Hip replacement surgery: the good, the bad, and the ugly - personal experiences appreciated!

So, I need a new hip.

Last fall I met with a local (very good) orthopedist about my hip pain - he did an x-ray and confirmed that I had severe arthritis in my right hip (I had been having issues for about 6-8 months at that point but I thought it was soft tissue stuff!), and recommended a THR. Luckily my LEFT hip is fine! Go figure…

To forestall this, I have now had three injections: the first one worked like a charm and I was almost pain free!, second one not so much (the law of diminishing returns), and I just got the third one yesterday. Though the effects are not supposed to kick in immediately, it feels better already - but that might be the steroids talking.

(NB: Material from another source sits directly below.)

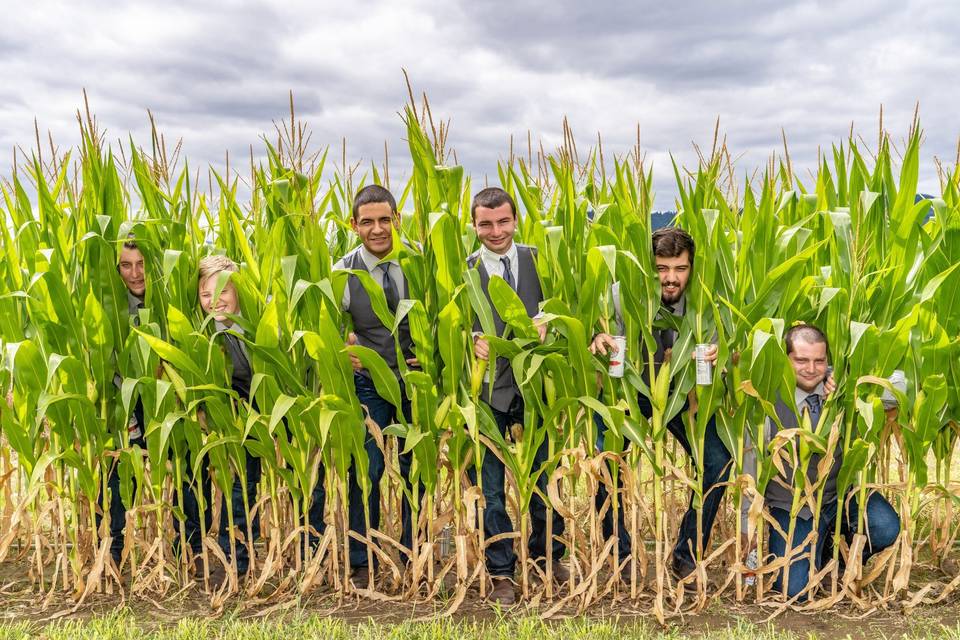 Groomsmen of the corn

Anyway, I know I have to “bite the bullet” at some point this year since I’ve been in a good bit of pain and it has been impacting my riding (not to mention walking and everything else) - luckily I always give my mare a winter vacation so she was off for two months; but I rode a couple of student’s horses on days when I was in less pain - they are both narrower than my horse, which helped. I’ve been on my mare 3 times now and OUCH!, luckily she is very patient and a good girl while I mount and dismount; my dressage saddle has a high cantle which SO does not help! Oy.

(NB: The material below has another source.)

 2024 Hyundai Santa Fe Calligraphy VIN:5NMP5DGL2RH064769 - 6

I’ve been putting it off for obvious reasons (6 weeks to recover, I already have a LOT of pain issues so my worry is that I will be in too much pain to get MOVING and rehabbing ASAP!, etc. which will delay my recovery) It will be a huge disruption to everything, I’ll be dependent on my husband, not able to care for my horse (luckily I board, but it’s not a full service facility), and I have many dog students and several regular horse students who I will leave hanging. My dogs won’t be getting exercised because we live in a TH with a small backyard and despite being a wonderful and helpful man, DH won’t run or walk them (one elderly Whippet and a 2 year old Whippet who NEEDS her daily runs!)

(Times like these I wish I had a desk job, but it is what it is!)

Since this is a board full of horse people I’m sure you can all relate - so!, I’m hoping to hear some personal stories from those who have gone through it: how much pain were you in, how immobilized were you, how long did it take to heal, how did you deal with stairs??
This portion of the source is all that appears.